What to produce
Nothing but the lines below from the one containing "May include: A" through the one containing "Subversive Affirmation - Sylvia" should appear in the answer, exact and without pictures.

Exercise material
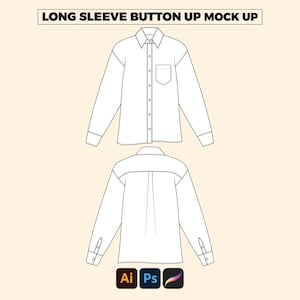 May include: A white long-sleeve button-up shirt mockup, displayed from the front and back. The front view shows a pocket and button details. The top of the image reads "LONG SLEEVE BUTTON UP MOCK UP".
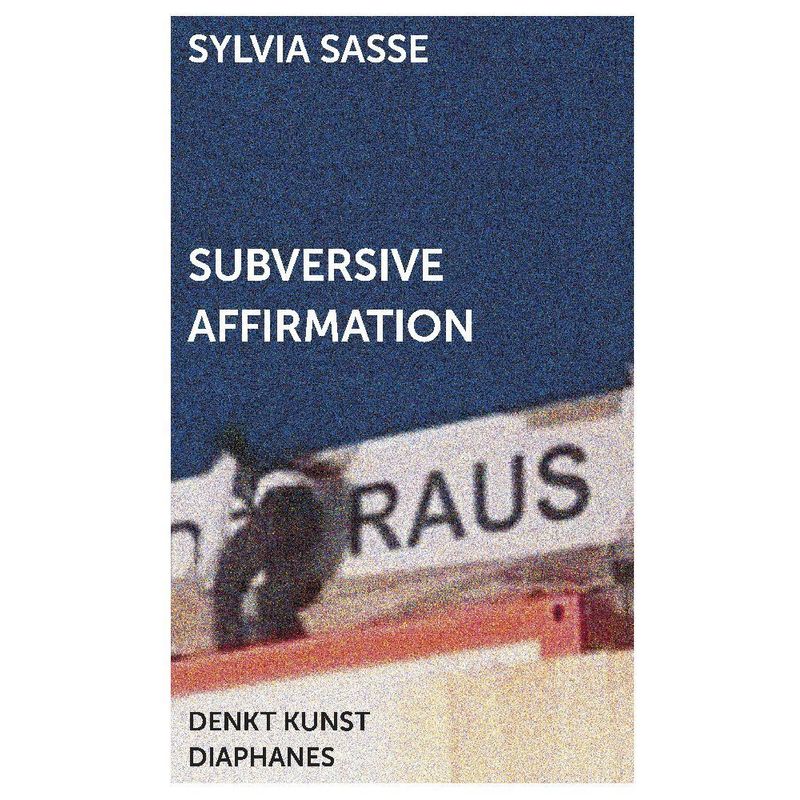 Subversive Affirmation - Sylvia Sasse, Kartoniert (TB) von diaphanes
---
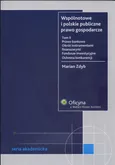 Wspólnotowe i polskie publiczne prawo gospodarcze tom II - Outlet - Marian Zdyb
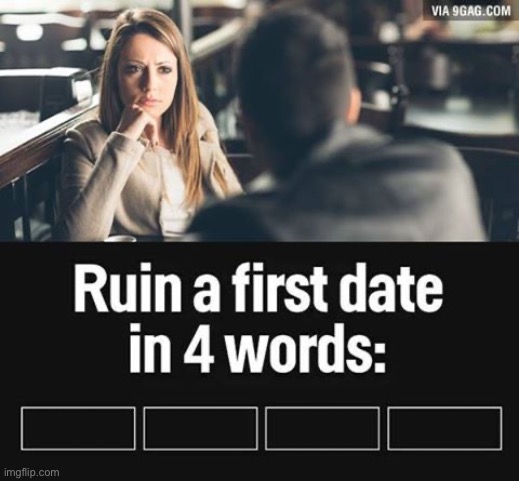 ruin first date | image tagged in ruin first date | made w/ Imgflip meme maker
* * *
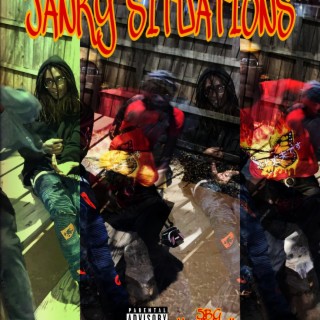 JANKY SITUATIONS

Result below
 May include: A white long-sleeve button-up shirt mockup, displayed from the front and back. The front view shows a pocket and button details. The top of the image reads "LONG SLEEVE BUTTON UP MOCK UP".
 Subversive Affirmation - Sylvia Sasse, Kartoniert (TB) von diaphanes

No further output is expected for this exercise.